La Grande Bretagne, sous l'impulsion des néoconservateurs, était devenue le sanctuaire des mouvements islamistes radicaux contrôles par les services secrets britanniques, américains et financés par le Qatar et l'Arabie Saoudite (cf. ouvrage de Melanie Phillips ''Londonistan'') avec l'objectif de contenir la menace terroriste d'Al Qaïda en Europe et aux Etats-Unis.

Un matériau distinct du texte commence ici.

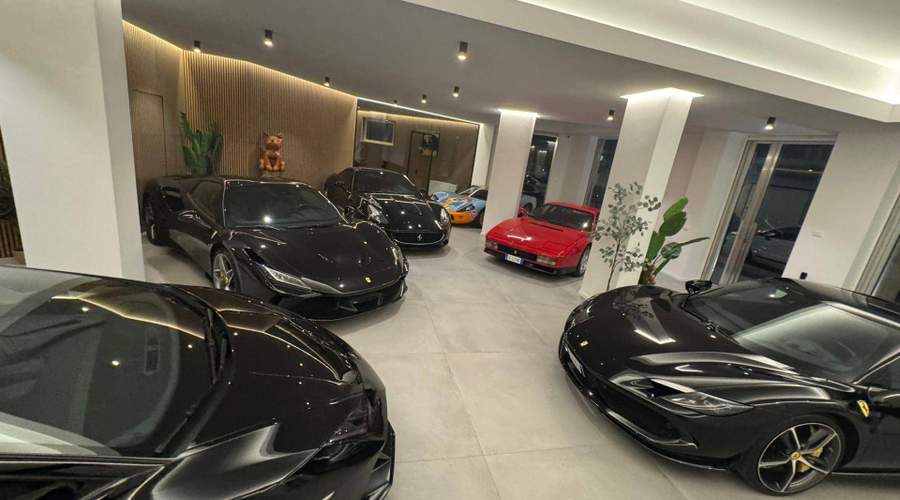 VIP MOTORS MULTIBRAND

L'effondrement de l'Union soviétique et la fin de la guerre froide ont été la cause imprévue de la montée de l'islam politique et de son lot de malheurs à l'échelle planétaire. Aussi était-il devenu urgent de remplacer les régimes arabes laïcs et corrompus par des régimes islamistes modérés qui se chargeront de contenir l'aile islamiste radicale par les moyens légitimes de l'Etat (police et armée) et c'est dans ce contexte qu'il faut comprendre l'aubaine inespérée, présentée par la révolte populaire en Tunisie et son effet domino sur l'Egypte, Libye, Yémen et Syrie.
Israël et les Etats-Unis ont trop misé sur les Frères musulmans: vont-ils pouvoir les lâcher?

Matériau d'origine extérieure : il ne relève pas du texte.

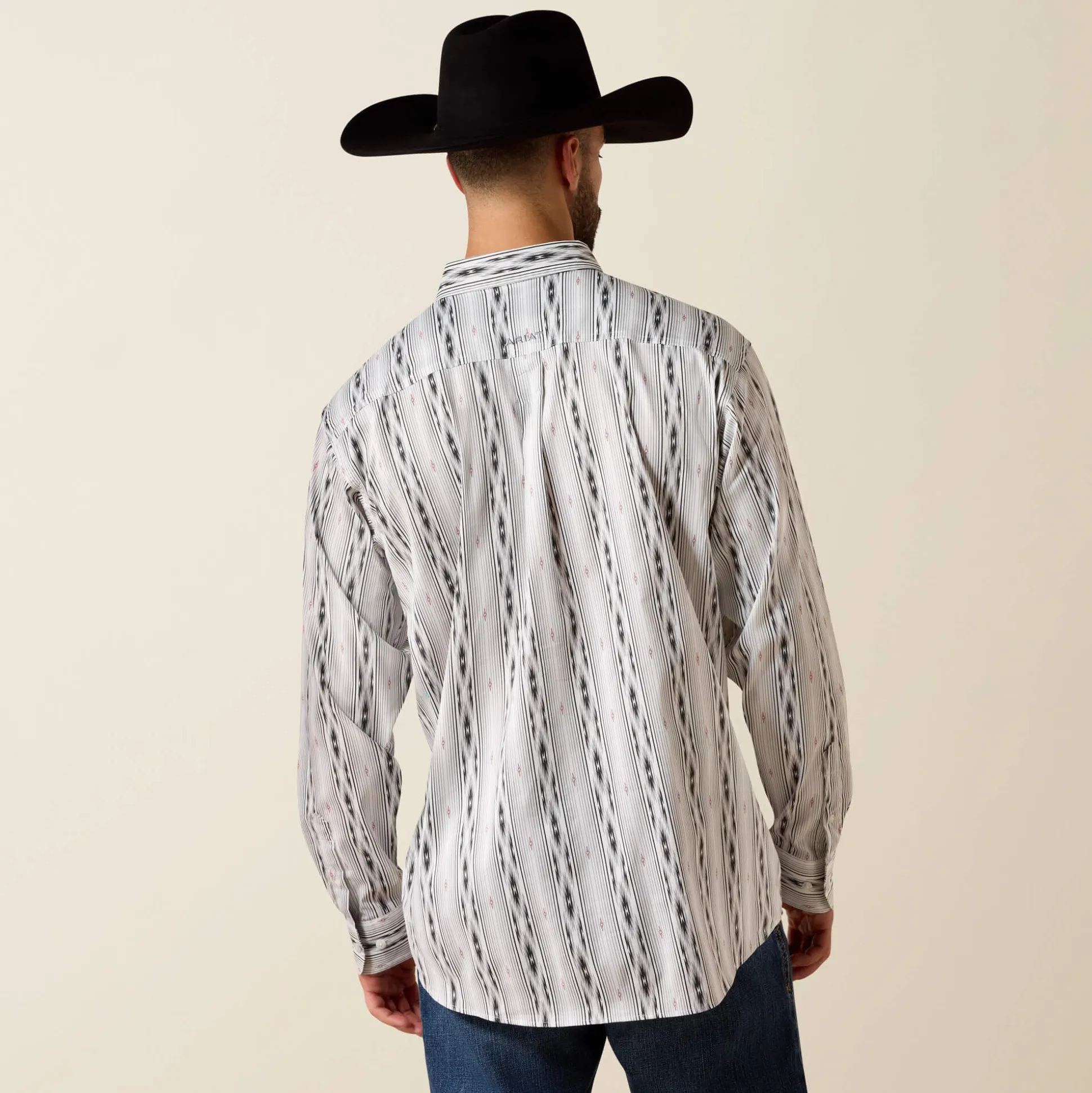 Everything Classic Fit Shirt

Les agents qataris et saoudiens en mission guidée
Dès la fin de janvier 2011, Paul Wolfowitz a, en quelque sorte, rendu publique la position des néoconservateurs en appelant à la fin du régime de Hosni Moubarak.
Mais bien avant le début des manifestations, en 2010, Robert Kagan et Michelle Dunne avaient mis en place un groupe de travail sur l'Egypte dont les conclusions soulignaient que le statu-quo politique ne garantissait plus la sécurité des Etats-Unis (entendez sécurité d'Israël) et que l'administration américaine s'engage le plus tôt possible dans une défense active des droits de l'homme et de la démocratie dans ce pays.
C'est dans ce contexte qu'il faut comprendre l'enjeu présenté par les pseudo révolutions arabes et la connivence des nouveaux régimes islamistes «modéres» avec les néoconservateurs américains qui les manipulent à travers leurs agents qataris et saoudiens.
Un jour, toute la lumière sera faite sur les liaisons dangereuses entre le sionisme international et l'islam politique.
Entretemps, la réaction de la société civile en Egypte et le ralliement de l'armée, non pris en compte les néoconservateurs qui croyaient avoir acheté la loyauté des militaires, risqueraient, par leur impact, de faire échouer tout le projet de Nouveau Moyen Orient, option cauchemardesque pour les intérêts et suprématie mondiale des Etats-Unis.
Cette perspective est peu rassurante dans la mesure où elle conduirait les néoconservateurs et leurs alliés islamistes à jouer leur dernière carte, à savoir agiter le spectre de la guerre civile pour reprendre le pouvoir par la terreur sous l'alibi de la légitimité des urnes.
L'avenir politique de la Tunisie et du monde arabo-musulman dépendra dans une large mesure de l'issue fatale de ce bras de fer égyptien.
NB: Il s'agit d'une analyse personnelle d'un citoyen lambda qui se préoccupe de l'avenir de son pays.